■ **The data**
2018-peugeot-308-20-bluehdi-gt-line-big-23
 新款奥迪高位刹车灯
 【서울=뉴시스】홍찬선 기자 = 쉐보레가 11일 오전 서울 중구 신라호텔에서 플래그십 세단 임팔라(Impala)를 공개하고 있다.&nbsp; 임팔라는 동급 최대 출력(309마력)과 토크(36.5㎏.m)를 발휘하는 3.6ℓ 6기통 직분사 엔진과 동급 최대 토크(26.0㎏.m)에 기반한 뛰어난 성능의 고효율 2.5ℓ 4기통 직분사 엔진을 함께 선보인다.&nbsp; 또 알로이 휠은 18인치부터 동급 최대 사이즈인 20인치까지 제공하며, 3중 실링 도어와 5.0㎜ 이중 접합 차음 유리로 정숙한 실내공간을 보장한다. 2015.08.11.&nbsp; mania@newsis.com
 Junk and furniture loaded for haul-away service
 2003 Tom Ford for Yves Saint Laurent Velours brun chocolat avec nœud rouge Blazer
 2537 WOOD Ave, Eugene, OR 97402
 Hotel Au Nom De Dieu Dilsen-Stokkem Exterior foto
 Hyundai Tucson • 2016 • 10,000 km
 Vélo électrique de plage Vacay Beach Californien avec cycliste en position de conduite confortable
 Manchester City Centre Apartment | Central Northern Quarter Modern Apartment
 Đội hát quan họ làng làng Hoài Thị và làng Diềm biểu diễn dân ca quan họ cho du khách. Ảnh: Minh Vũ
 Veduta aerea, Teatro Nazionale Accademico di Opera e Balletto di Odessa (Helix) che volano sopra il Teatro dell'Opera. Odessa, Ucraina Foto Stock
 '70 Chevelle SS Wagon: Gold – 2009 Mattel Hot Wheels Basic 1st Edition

■ **What needs to be done**
A verbatim output of all the data above is needed.

■ **Answer to this exercise**
2018-peugeot-308-20-bluehdi-gt-line-big-23
 新款奥迪高位刹车灯
 【서울=뉴시스】홍찬선 기자 = 쉐보레가 11일 오전 서울 중구 신라호텔에서 플래그십 세단 임팔라(Impala)를 공개하고 있다.&nbsp; 임팔라는 동급 최대 출력(309마력)과 토크(36.5㎏.m)를 발휘하는 3.6ℓ 6기통 직분사 엔진과 동급 최대 토크(26.0㎏.m)에 기반한 뛰어난 성능의 고효율 2.5ℓ 4기통 직분사 엔진을 함께 선보인다.&nbsp; 또 알로이 휠은 18인치부터 동급 최대 사이즈인 20인치까지 제공하며, 3중 실링 도어와 5.0㎜ 이중 접합 차음 유리로 정숙한 실내공간을 보장한다. 2015.08.11.&nbsp; mania@newsis.com
 Junk and furniture loaded for haul-away service
 2003 Tom Ford for Yves Saint Laurent Velours brun chocolat avec nœud rouge Blazer
 2537 WOOD Ave, Eugene, OR 97402
 Hotel Au Nom De Dieu Dilsen-Stokkem Exterior foto
 Hyundai Tucson • 2016 • 10,000 km
 Vélo électrique de plage Vacay Beach Californien avec cycliste en position de conduite confortable
 Manchester City Centre Apartment | Central Northern Quarter Modern Apartment
 Đội hát quan họ làng làng Hoài Thị và làng Diềm biểu diễn dân ca quan họ cho du khách. Ảnh: Minh Vũ
 Veduta aerea, Teatro Nazionale Accademico di Opera e Balletto di Odessa (Helix) che volano sopra il Teatro dell'Opera. Odessa, Ucraina Foto Stock
 '70 Chevelle SS Wagon: Gold – 2009 Mattel Hot Wheels Basic 1st Edition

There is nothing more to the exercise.